Edson's wife Sue is also Syracuse's assistant director of athletics for communications. She worked with Marrone on a daily basis during the football season, but her late husband worked for Syracuse University for better than 20 years. He served most recently as senior associate director of athletics for administration and chief financial officer at Syracuse before taking the athletic director's job at Onondaga Community College.

"It's difficult for me because Rob, when I was at Syracuse, he'd always come in after the games and kind of cheer me up and pick me up and keep things in perspective," said Marrone. "I think about his wife, Sue Edson, who worked with me every day to see the person you guys have in front of you now and to get better with the media. They have two beautiful children and it hurts."

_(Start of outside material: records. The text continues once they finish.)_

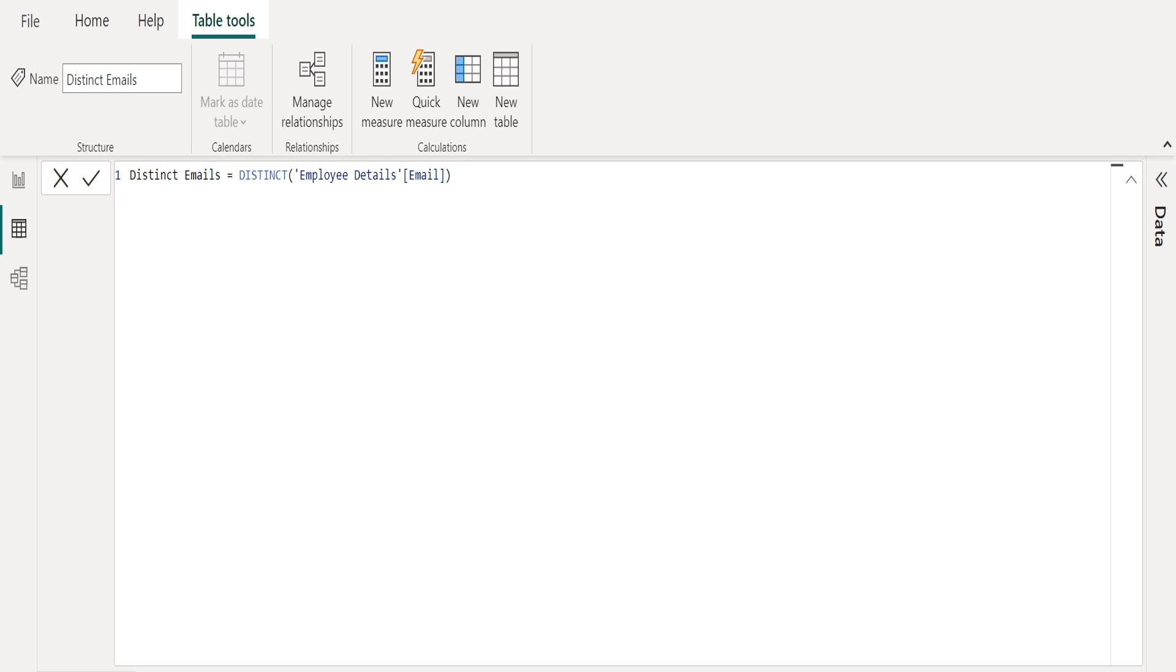We use distinct DAX function which returns a column that contains the distinct values from the specified column. In other words, duplicate values are removed and only unique values are returned.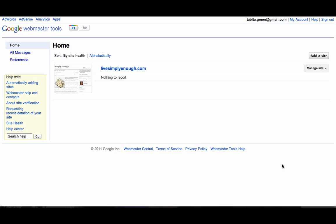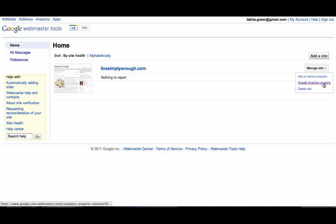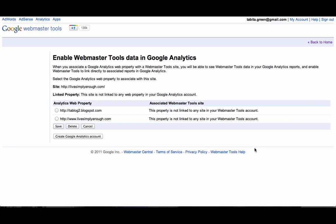In order to do that, go to your Webmaster Tools home and click on the Manage Site button next to the website that you want to link. Select Google Analytics property and find the Web property that you want to link.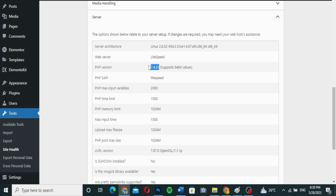As of now the latest PHP version is about 8.1, but I'm on 7.1 which is not the latest, so I want to upgrade to 8.0 or 8.1. To do that, you need access to your cPanel to control your server. If you're on a managed WordPress server or someone else is managing it and you don't have cPanel access, the best thing is to contact your hosting provider and ask them to upgrade your PHP version.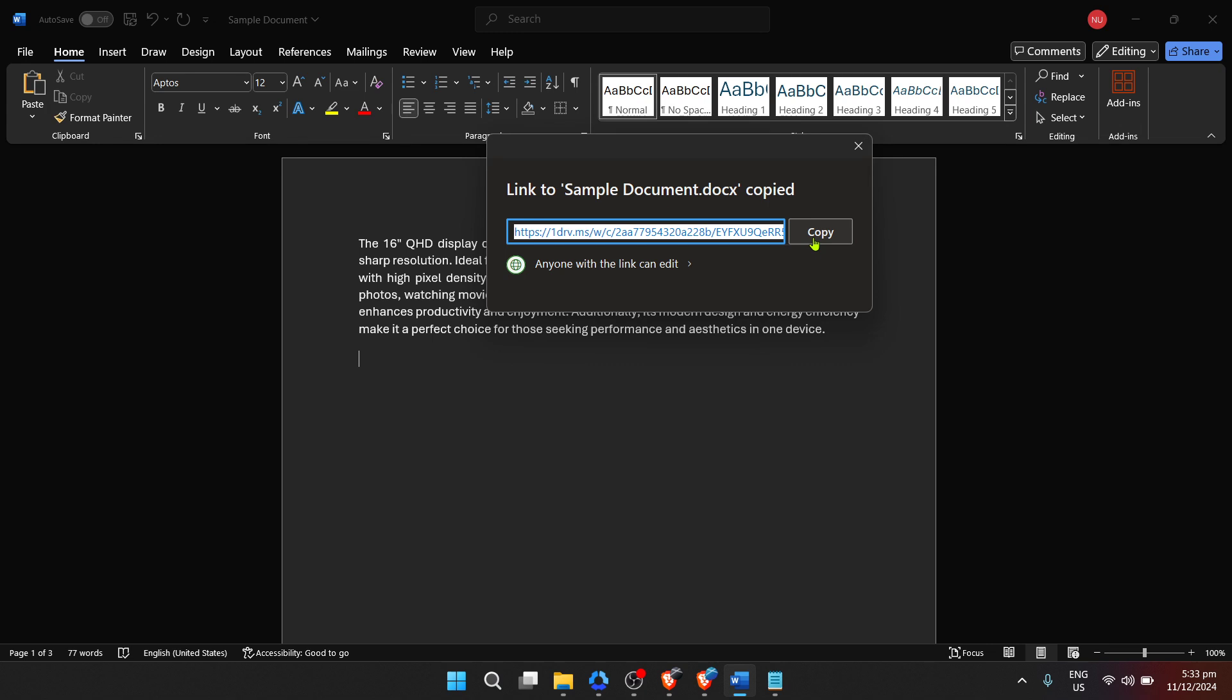A couple of final tips to ensure smooth sailing. First, remember that recipients will need to have access to Microsoft Word or Word Online to view or edit the document.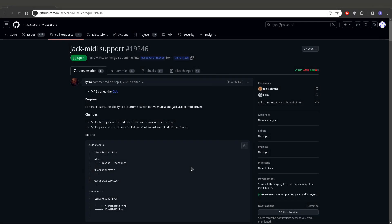Hi there, this is Carl Irwin with a quick update on MuseScore's development for Jack Audio and Linux.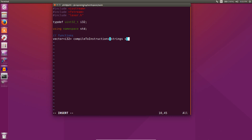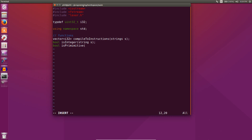We'll take a vector of strings. We'll also need a function called is_integer and a function called is_primitive. The is_primitive function will tell us whether something is a primitive function or a defined function — we probably won't need this to begin with, but we'll put it here anyway. The other important one is called map_to_number, and this function takes in a string and maps that instruction to a number, which will be the binary output.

Marrone was asked if he could remember a time when his emotions went so quickly from one end of the spectrum to the other.

"I guess because of my faith and what I believe in, I think after the game was over, that's when the emotion took over," he said. "I think we all know we have a job to do and a responsibility. I know that sounds cold in a sense, but it's more important for me to be there for the team and do that, and then now afterwards my thoughts went to Rob (Edson) and his family. That's what's tough. I think we're all humans. My emotions are no different than anyone else's. It's a tragedy, it really is."

Edson was just 45-years old, two years younger than Marrone.

Syracuse announced on Sunday their plans to create a scholarship in Edson's name that would honor athletes who leave the university without getting their degree, but come back and earn it at a later date.

The University announced that contributions to the scholarship can be sent to the Orange Club with a notation for the 'Rob Edson Scholarship Fund', Manley Field House, 1301 E Colvin St., Syracuse, NY 13244.